SUPPLIED MATERIAL:
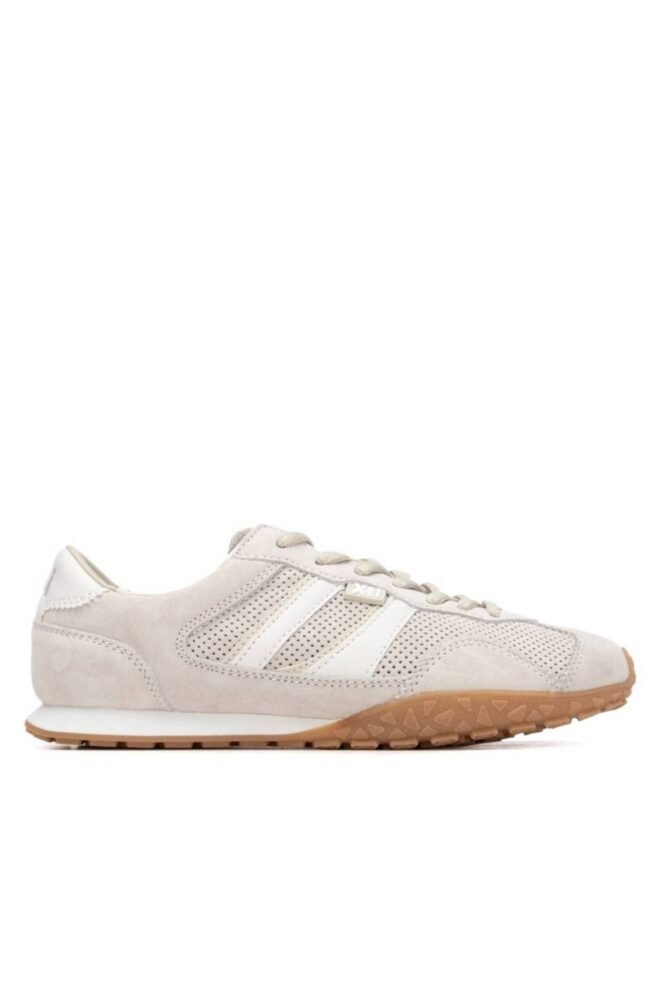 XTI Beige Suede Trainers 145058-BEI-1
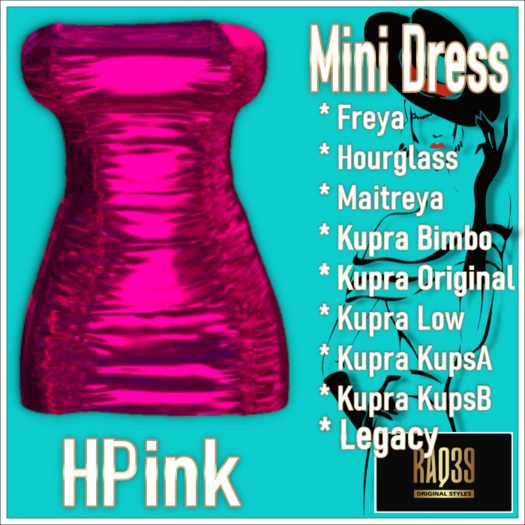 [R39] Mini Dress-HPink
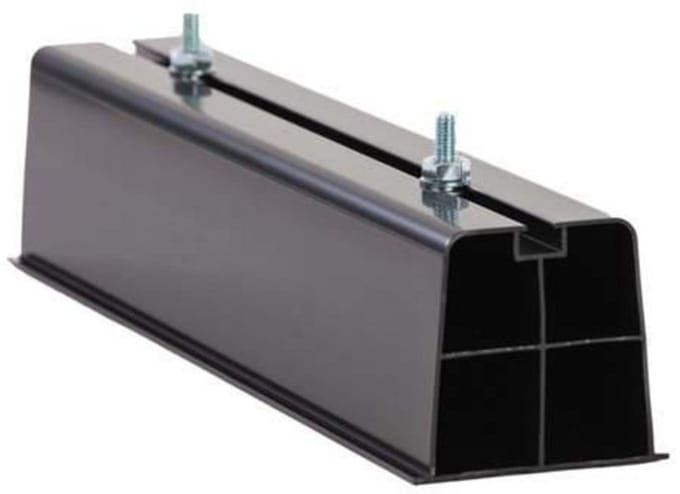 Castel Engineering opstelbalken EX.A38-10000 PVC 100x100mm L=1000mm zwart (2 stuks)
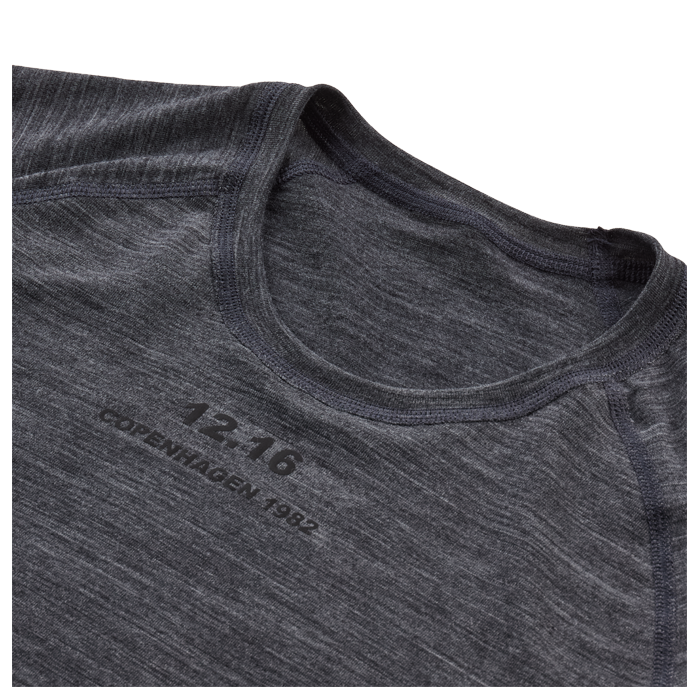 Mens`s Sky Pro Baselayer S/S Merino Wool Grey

ACTIVITY:
Every line of the material must be repeated exactly; pictures stay out.

OUTPUT BELOW:
 XTI Beige Suede Trainers 145058-BEI-1
 [R39] Mini Dress-HPink
 Castel Engineering opstelbalken EX.A38-10000 PVC 100x100mm L=1000mm zwart (2 stuks)
 Mens`s Sky Pro Baselayer S/S Merino Wool Grey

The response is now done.